Divide using synthetic division $$ ( 7x^{3}-5x^{2}-21x+15 ) \div ( x+3 ) $$
Answer
The synthetic division table is:
$$ \begin{array}{c|rrrr}-3&7&-5&-21&15\\& & -21& 78& \color{black}{-171} \\ \hline &\color{blue}{7}&\color{blue}{-26}&\color{blue}{57}&\color{orangered}{-156} \end{array} $$The solution is:
$$ \frac{ 7x^{3}-5x^{2}-21x+15 }{ x+3 } = \color{blue}{7x^{2}-26x+57} \color{red}{~-~} \frac{ \color{red}{ 156 } }{ x+3 } $$Explanation
Step 1 : Write down the coefficients of the dividend into division table. Put the zero from $ x + 3 = 0 $ ( $ x = \color{blue}{ -3 } $ ) at the left.
$$ \begin{array}{c|rrrr}\color{blue}{-3}&7&-5&-21&15\\& & & & \\ \hline &&&& \end{array} $$Step 1 : Bring down the leading coefficient to the bottom row.

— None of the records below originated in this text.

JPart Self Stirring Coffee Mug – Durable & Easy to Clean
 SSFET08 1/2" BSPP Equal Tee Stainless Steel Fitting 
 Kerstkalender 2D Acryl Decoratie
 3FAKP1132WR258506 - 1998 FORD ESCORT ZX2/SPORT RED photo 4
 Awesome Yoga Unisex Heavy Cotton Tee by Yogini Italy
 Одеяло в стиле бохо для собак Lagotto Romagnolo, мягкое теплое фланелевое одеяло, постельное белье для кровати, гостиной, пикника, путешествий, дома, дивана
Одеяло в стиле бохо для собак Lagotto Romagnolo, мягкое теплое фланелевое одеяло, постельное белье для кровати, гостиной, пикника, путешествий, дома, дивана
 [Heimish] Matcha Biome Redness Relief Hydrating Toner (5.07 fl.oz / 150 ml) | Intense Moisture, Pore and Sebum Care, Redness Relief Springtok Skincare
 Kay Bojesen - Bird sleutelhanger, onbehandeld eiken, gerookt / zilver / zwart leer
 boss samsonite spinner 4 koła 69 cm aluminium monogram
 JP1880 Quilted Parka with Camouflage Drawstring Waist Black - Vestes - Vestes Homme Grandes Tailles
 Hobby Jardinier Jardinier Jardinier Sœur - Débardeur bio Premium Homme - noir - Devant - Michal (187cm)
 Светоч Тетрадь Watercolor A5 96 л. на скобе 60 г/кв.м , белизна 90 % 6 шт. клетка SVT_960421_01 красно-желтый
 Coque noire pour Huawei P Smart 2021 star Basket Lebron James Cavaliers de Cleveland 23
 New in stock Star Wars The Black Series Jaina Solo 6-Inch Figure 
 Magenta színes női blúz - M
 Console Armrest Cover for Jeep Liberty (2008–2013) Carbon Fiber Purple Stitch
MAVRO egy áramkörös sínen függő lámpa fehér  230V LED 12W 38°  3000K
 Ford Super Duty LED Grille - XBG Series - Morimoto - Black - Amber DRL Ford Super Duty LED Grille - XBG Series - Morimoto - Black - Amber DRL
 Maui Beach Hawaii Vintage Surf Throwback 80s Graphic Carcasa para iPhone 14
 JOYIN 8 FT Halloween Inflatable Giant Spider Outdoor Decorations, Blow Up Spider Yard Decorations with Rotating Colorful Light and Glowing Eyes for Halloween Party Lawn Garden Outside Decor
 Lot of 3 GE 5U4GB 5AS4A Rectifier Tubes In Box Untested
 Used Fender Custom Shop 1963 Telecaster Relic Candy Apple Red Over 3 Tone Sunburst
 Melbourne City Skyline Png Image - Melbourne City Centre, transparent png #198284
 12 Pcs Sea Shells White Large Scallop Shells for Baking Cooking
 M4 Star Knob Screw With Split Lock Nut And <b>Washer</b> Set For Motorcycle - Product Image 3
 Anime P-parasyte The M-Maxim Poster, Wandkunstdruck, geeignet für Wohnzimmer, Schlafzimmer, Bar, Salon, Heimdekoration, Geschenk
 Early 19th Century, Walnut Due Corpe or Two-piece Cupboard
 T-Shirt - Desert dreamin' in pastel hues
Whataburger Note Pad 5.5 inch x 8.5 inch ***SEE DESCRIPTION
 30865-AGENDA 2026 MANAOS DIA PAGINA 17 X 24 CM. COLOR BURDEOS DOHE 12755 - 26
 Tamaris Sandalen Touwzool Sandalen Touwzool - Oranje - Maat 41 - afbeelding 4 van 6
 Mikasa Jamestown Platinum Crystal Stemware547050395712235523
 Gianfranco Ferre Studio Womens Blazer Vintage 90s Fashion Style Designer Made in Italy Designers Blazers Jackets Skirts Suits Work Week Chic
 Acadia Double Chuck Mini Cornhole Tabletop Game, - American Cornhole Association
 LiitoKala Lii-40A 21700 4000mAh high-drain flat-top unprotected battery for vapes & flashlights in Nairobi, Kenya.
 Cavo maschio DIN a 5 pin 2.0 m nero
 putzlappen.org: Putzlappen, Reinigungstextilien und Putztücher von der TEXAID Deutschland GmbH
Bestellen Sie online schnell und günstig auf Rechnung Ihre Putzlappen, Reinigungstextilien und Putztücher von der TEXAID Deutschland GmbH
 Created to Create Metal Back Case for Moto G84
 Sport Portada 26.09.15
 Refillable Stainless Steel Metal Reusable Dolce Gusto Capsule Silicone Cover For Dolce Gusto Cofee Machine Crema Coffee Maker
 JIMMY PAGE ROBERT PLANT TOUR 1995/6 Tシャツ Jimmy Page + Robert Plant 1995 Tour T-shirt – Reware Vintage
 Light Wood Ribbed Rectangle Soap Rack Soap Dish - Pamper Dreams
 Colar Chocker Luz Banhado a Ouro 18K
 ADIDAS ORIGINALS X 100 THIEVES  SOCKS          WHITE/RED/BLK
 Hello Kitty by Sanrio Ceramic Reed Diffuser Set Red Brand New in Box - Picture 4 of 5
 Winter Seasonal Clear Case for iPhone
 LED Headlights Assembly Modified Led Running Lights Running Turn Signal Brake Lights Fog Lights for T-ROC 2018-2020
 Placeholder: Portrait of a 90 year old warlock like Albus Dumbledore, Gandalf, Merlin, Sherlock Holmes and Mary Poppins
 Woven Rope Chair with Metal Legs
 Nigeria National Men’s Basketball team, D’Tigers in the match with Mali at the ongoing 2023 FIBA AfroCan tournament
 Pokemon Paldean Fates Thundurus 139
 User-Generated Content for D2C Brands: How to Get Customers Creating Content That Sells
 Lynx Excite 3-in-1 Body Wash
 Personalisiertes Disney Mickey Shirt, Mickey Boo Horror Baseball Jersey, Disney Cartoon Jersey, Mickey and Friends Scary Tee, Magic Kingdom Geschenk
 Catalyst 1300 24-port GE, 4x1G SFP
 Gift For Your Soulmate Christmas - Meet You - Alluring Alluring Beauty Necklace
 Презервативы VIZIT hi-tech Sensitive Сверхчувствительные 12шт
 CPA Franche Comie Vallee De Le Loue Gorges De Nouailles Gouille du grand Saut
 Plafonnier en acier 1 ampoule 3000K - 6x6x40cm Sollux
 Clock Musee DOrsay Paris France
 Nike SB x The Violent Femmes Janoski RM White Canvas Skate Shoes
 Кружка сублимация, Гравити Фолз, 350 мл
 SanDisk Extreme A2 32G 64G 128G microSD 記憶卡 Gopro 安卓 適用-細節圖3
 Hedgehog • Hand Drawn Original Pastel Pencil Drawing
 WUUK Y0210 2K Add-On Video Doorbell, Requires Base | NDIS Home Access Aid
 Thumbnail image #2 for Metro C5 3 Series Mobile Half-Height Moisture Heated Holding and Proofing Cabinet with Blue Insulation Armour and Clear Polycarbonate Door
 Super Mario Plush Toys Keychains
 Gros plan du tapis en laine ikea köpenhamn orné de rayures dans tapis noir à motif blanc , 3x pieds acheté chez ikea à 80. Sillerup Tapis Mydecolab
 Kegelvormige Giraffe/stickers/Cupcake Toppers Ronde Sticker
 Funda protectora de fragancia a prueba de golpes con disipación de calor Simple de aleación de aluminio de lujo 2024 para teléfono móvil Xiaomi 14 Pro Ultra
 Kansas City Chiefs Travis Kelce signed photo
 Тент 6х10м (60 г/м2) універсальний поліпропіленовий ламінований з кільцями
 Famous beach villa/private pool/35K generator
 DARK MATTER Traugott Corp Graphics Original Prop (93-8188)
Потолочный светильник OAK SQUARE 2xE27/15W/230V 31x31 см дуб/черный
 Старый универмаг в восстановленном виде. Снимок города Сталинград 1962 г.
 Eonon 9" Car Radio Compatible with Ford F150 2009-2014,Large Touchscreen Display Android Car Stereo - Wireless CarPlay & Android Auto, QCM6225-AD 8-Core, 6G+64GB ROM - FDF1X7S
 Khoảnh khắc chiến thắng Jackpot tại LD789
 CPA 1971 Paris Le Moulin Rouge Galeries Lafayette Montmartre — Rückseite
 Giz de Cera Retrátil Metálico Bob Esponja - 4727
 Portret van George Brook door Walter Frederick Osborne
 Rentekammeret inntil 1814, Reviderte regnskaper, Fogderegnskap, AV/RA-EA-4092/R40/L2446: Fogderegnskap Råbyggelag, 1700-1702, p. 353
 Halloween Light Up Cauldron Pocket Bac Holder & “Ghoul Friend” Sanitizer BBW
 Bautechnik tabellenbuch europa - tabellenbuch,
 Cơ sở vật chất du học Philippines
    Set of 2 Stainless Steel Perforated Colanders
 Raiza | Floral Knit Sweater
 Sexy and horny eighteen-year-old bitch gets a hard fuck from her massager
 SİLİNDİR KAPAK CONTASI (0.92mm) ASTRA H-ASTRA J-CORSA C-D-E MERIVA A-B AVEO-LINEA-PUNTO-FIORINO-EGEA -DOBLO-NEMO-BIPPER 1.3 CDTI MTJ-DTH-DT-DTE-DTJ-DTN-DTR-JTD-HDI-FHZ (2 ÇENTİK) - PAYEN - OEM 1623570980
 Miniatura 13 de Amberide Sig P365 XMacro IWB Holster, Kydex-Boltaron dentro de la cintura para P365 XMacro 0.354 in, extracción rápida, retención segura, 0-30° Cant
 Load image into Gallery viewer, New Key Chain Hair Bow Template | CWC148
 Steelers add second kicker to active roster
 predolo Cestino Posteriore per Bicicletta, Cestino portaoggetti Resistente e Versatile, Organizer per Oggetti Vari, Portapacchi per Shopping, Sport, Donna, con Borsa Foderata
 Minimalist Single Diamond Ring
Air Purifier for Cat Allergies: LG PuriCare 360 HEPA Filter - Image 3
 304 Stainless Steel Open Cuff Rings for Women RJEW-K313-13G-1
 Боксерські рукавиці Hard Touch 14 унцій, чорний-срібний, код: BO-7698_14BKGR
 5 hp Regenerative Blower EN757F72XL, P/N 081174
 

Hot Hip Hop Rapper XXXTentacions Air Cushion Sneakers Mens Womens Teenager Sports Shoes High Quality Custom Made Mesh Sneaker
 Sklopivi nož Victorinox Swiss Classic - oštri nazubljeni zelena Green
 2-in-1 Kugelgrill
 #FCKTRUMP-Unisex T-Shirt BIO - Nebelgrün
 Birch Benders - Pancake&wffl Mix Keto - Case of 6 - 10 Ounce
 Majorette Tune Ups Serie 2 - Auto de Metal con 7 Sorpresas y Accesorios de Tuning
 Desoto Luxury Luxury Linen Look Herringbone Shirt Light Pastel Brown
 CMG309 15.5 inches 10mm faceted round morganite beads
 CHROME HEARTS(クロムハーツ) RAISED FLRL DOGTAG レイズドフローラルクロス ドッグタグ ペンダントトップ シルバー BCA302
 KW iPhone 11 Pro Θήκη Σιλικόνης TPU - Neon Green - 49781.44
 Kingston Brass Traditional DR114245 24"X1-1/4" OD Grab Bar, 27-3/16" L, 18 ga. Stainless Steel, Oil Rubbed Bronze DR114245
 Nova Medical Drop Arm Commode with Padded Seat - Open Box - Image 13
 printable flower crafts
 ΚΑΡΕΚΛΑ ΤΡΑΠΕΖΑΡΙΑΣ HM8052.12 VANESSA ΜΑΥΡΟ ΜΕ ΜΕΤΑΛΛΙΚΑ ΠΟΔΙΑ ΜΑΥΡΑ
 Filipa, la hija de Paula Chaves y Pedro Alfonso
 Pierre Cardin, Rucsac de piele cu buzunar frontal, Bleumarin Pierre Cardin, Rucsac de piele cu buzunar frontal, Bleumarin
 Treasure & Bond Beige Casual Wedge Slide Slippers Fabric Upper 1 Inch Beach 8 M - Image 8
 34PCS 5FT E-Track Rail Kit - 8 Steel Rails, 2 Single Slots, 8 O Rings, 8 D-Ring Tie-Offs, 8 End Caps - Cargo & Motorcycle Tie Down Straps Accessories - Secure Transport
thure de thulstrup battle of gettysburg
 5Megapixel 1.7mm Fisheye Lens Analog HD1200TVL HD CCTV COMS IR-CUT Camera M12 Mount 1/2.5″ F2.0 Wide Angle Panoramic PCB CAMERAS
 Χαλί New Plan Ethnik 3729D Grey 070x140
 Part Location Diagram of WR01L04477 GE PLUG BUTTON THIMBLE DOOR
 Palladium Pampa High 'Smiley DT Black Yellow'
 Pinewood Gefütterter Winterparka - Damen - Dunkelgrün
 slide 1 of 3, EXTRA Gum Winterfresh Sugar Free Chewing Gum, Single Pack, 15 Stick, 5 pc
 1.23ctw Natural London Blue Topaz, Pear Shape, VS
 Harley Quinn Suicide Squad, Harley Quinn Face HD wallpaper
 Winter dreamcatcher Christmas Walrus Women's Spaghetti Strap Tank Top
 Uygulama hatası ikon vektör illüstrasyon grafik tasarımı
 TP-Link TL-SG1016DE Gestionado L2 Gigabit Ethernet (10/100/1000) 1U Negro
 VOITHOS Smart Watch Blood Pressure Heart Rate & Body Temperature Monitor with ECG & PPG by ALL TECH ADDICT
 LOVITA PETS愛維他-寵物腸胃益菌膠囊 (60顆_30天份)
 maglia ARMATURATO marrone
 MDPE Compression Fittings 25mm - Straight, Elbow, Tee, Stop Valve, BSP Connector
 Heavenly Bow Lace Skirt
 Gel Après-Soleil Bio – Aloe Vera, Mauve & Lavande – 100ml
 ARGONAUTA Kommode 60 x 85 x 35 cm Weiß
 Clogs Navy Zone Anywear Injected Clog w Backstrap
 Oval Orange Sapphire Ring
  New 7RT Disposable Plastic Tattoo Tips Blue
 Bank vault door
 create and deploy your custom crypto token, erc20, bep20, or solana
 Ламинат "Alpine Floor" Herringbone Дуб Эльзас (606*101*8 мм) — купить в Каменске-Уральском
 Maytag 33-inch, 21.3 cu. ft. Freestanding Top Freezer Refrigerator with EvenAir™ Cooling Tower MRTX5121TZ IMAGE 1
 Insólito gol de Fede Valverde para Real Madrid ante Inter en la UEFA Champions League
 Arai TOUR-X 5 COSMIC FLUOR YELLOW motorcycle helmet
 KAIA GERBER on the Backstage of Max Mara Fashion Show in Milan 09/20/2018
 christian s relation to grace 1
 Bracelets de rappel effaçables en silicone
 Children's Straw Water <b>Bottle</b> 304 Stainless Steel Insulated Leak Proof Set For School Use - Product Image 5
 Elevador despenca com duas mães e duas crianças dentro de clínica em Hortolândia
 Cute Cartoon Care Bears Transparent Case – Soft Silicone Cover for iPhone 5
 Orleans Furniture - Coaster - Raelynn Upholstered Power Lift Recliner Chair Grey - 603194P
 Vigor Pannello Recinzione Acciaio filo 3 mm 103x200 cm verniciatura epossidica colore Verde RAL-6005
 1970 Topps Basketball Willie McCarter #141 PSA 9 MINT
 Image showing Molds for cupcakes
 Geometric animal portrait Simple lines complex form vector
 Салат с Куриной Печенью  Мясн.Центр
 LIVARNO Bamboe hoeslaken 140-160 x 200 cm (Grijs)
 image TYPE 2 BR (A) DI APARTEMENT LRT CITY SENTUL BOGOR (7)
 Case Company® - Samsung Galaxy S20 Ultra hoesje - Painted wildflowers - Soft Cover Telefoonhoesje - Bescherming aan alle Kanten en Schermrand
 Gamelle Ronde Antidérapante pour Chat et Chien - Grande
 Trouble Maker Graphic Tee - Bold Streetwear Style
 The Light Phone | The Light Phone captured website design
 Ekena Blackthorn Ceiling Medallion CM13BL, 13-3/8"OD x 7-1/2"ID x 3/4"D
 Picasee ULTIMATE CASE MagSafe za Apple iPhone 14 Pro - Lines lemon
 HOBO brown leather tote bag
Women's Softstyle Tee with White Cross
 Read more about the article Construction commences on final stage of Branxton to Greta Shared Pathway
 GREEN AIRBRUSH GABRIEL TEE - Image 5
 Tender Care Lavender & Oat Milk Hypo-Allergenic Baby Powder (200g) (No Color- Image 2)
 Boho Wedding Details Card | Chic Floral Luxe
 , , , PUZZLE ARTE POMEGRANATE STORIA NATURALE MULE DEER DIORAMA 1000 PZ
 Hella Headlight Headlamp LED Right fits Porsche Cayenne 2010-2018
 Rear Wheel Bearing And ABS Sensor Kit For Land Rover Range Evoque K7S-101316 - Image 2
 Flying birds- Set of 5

$$ \begin{array}{c|rrrr}-3&\color{orangered}{ 7 }&-5&-21&15\\& & & & \\ \hline &\color{orangered}{7}&&& \end{array} $$Step 2 : Multiply by the number on the left, and carry the result into the next column: $ \color{blue}{ -3 } \cdot \color{blue}{ 7 } = \color{blue}{ -21 } $.
$$ \begin{array}{c|rrrr}\color{blue}{-3}&7&-5&-21&15\\& & \color{blue}{-21} & & \\ \hline &\color{blue}{7}&&& \end{array} $$Step 3 : Add down last column: $ \color{orangered}{ -5 } + \color{orangered}{ \left( -21 \right) } = \color{orangered}{ -26 } $
$$ \begin{array}{c|rrrr}-3&7&\color{orangered}{ -5 }&-21&15\\& & \color{orangered}{-21} & & \\ \hline &7&\color{orangered}{-26}&& \end{array} $$Step 4 : Multiply by the number on the left, and carry the result into the next column: $ \color{blue}{ -3 } \cdot \color{blue}{ \left( -26 \right) } = \color{blue}{ 78 } $.
$$ \begin{array}{c|rrrr}\color{blue}{-3}&7&-5&-21&15\\& & -21& \color{blue}{78} & \\ \hline &7&\color{blue}{-26}&& \end{array} $$Step 5 : Add down last column: $ \color{orangered}{ -21 } + \color{orangered}{ 78 } = \color{orangered}{ 57 } $
$$ \begin{array}{c|rrrr}-3&7&-5&\color{orangered}{ -21 }&15\\& & -21& \color{orangered}{78} & \\ \hline &7&-26&\color{orangered}{57}& \end{array} $$Step 6 : Multiply by the number on the left, and carry the result into the next column: $ \color{blue}{ -3 } \cdot \color{blue}{ 57 } = \color{blue}{ -171 } $.
$$ \begin{array}{c|rrrr}\color{blue}{-3}&7&-5&-21&15\\& & -21& 78& \color{blue}{-171} \\ \hline &7&-26&\color{blue}{57}& \end{array} $$Step 7 : Add down last column: $ \color{orangered}{ 15 } + \color{orangered}{ \left( -171 \right) } = \color{orangered}{ -156 } $
$$ \begin{array}{c|rrrr}-3&7&-5&-21&\color{orangered}{ 15 }\\& & -21& 78& \color{orangered}{-171} \\ \hline &\color{blue}{7}&\color{blue}{-26}&\color{blue}{57}&\color{orangered}{-156} \end{array} $$Bottom line represents the quotient $ \color{blue}{ 7x^{2}-26x+57 } $ with a remainder of $ \color{red}{ -156 } $.